(Québec) La Fédération des cégeps s’inquiète de l’approche « punitive et inadéquate » du gouvernement Legault dans sa réforme de la Charte de la langue française, qui prévoit imposer la réussite de l’épreuve uniforme de français aux étudiants francophones et allophones qui fréquentent un cégep anglophone.

À l’heure actuelle, un étudiant qui fréquente un cégep anglophone – qu’il soit francophone, allophone ou anglophone – doit réussir une épreuve uniforme d’anglais pour obtenir son diplôme d’études collégiales (DEC). À l’opposé, une épreuve uniforme de français est imposée aux étudiants des cégeps francophones, où le taux de réussite global à cet examen oscille selon les années entre 81 % et 86 %.

Dans le projet de loi 96 qui réforme la loi 101, le ministre Simon Jolin-Barrette propose d’imposer la réussite de l’épreuve uniforme de français aux étudiants francophones et allophones qui étudient dans un cégep anglophone. La Fédération des cégeps comprend que ces étudiants devront aussi réussir l’épreuve d’anglais pour obtenir leur DEC.

« L’imposition de deux épreuves à une certaine partie de la population étudiante serait une source majeure d’iniquité en plus d’être un frein important à la diplomation d’étudiantes et d’étudiants qui auraient par ailleurs réussi l’ensemble de leurs cours », a déploré la Fédération mardi, de passage aux auditions publiques du projet de loi 96.

Si « la question du maintien et du développement des compétences en français pour les étudiants qui fréquentent un établissement anglophone est essentielle », a-t-elle dit, l’approche préconisée par Québec est « punitive et inadéquate ».

Selon la Fédération, imposer l’épreuve uniforme de français aux francophones et aux allophones qui fréquentent les cégeps anglophones nécessitera aussi des modifications au Règlement sur le régime des études collégiales pour augmenter le nombre d’heures de cours en français.

« Si, en dépit de son avis, les dispositions législatives liées à cette épreuve ne sont pas retirées du projet de loi, la Fédération propose qu’elles soient modifiées pour qu’une personne issue du système scolaire anglophone et poursuivant ses études en français au cégep ne soit pas soumise à l’épreuve uniforme visant à évaluer ses connaissances en français, cela de manière à ne pas décourager le passage à des études supérieures en français », a ajouté la Fédération.

Encadrement du privé

Dans sa présentation en commission parlementaire, mardi, la Fédération des cégeps a appuyé la volonté du gouvernement d’encadrer le développement de l’effectif étudiant du réseau collégial anglophone, exigeant que l’exercice « se déroule sur une base pluriannuelle ». Dans le projet de loi 96, Québec propose essentiellement de plafonner la proportion d’étudiants inscrits dans le réseau collégial anglophone à 17,5 % et de limiter la création de nouvelles places.

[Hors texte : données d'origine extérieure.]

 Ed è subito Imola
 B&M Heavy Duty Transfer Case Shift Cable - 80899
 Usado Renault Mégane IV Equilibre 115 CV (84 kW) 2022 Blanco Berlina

« Même si, de l’avis de la Fédération, la fréquentation des cégeps anglophones n’est pas un enjeu déterminant dans la situation globale du français au Québec, elle appuie cette idée. D’ailleurs, les cégeps anglophones eux-mêmes ne s’opposent pas à la détermination d’un encadrement concernant leur effectif », a-t-elle dit.

Les cégeps souhaitent toutefois que le poids des collèges privés dans le réseau « ne dépasse jamais celui qu’il était en 2019 », craignant que les dispositions prévues par le projet de loi 96 entraînent « un exode d’une certaine partie de la population étudiante vers les collèges privés qui ne seront pas soumis à un plafonnement de leur effectif ».

Dans un mémoire qui a été soumis aux parlementaires, l’Association des collèges privés du Québec estime pour sa part que la réforme de la loi 101 « ne doit pas se transformer en outil de gestion du réseau collégial ni en occasion pour remettre en question le poids relatif du réseau public vis-à-vis le réseau privé qui est observé depuis plusieurs années ».

De plus, ajoute-t-elle, le projet de loi pourrait mettre en péril des collèges privés subventionnés, qui se verraient imposer une gestion des effectifs comme c’est le cas pour les cégeps publics.

« Sous l’apparence d’instaurer une forme d’égalité […], on crée en fait une iniquité, un déséquilibre dans le réseau collégial puisque plusieurs collèges privés subventionnés risquent de disparaitre à court et à moyen terme », prévoit l’Association.

« L’application de quotas, ce plafonnement des effectifs, pourrait engendrer des conséquences désastreuses. Des établissements comme le Collège O’Sullivan de Montréal et le Collège LaSalle risquent de perdre plus de 60 % de leur clientèle. Pour le Collège Marianopolis, cela pourrait signifier une perte allant jusqu’à 40 % de ses effectifs. Aucune organisation, de surcroît des organismes sans but lucratif comme le sont tous nos membres, ne peut survivre à ce genre de pression », conclut l’Association.